The highlight of the human system team interaction portion of the November site visit was the ARL project titled “Information for Mixed Squads” (INFORMS Laboratory). With the ability to simulate multiple vehicles with varying squad sizes and command structures, this demonstration underscored recent advances in team research made by ARL. This demonstration of two teams of humans performing coordinated tasks simultaneously was especially impressive, requiring significant technical and computer programming expertise.

The two After-Action Review (AAR) systems that were showcased during and following the INFORMS Laboratory multi-team demonstration were also outstanding, representing significant progress in the challenging task of developing empirically derived and objective metrics for team behaviors, performance, and effectiveness. These two playback systems allow analysts and observers to monitor team behaviors in real time as well as to conduct post hoc analyses to glean insights into team behaviors, communications, and interactions. Due to the critical need to understand communication patterns in HHTs and HATs, the work on speech analysis presented by an ARL early-career researcher analyzing speech patterns is another crucial aspect of team research. Speech communication analysis will continue to be important to the human system team interaction efforts both at ARL and to the research community. The presentation, “Cohesion Metrics for Human Autonomy Teaming” was also excellent and was given by an early-career ARL scientist who addressed ways of measuring human–autonomy teams, which is a critical gap in team performance research. Early career scientists sometimes struggle to contribute relevant research that could immediately impact the Department of Defense, relying instead on extensions of their graduate school studies. The work from this investigator is both timely and challenging and it was encouraging to see the progress and ideas by this early-career scientist. The presentation, “Adaptation for Human Agent Teams,” given by an extramural senior scientist was also very insightful given the burgeoning field of human–agent teaming.

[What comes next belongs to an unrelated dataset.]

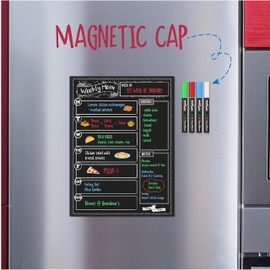 CHALKY CROWN Magnetic Dry Erase Menu Board for Fridge Includes 4 Liquid Chalk Markers - Weekly Meal Planner Blackboard, Grocery List & Notepad for Kitchen Refrigerator - Chalkboard Magnet 15.6" x11.6
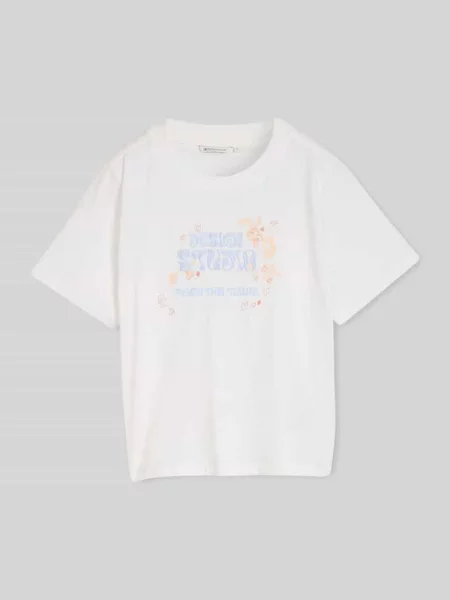 Męski t-shirt o kroju regular fit z czystej bawełny Tom Tailor Denim biała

Research Portfolio Opportunities and Challenges

It was not entirely clear from the interactions at the November meeting how closely the extramural faculty are engaged with ARL personnel who are studying related fields. When questioned, they were seemingly unaware of the crossover and linkages among their various studies. The ambiguity surrounding these interactions raised the concern that extramural performers may not be interacting as closely as they could with ARL employees, missing an opportunity for cross-fertilization of ideas and methods. If this is true, this is a situation that if addressed correctly, could strengthen overall ARL scientific expertise. Additionally, further leveraging extramural expertise—whether through seminars, virtual coaching, site visits, and internships or externships—could be extremely beneficial to ARL.

Another opportunity was identified through the presentation, “Project Vitreous Helmet Mounted Display Technologies for the Next Generation Combat Vehicle” (a demo). Simulator sickness is a well-known phenomenon and it was concerning that the researcher appeared to be unaware of the magnitude of the problem. There are other laboratories that have been working in this area for decades, and ARL could benefit from working with the Air Force Research Laboratory in Dayton, Ohio, which studies simulator sickness.

Finally, ARL has made good use of “field introductory” teams for transitioning experimental approaches to the field. Doubling down on interaction with field-savvy operators whose wisdom is invaluable, particularly when it comes to fielding techniques and technologies to soldiers in highly complex environments, is encouraged.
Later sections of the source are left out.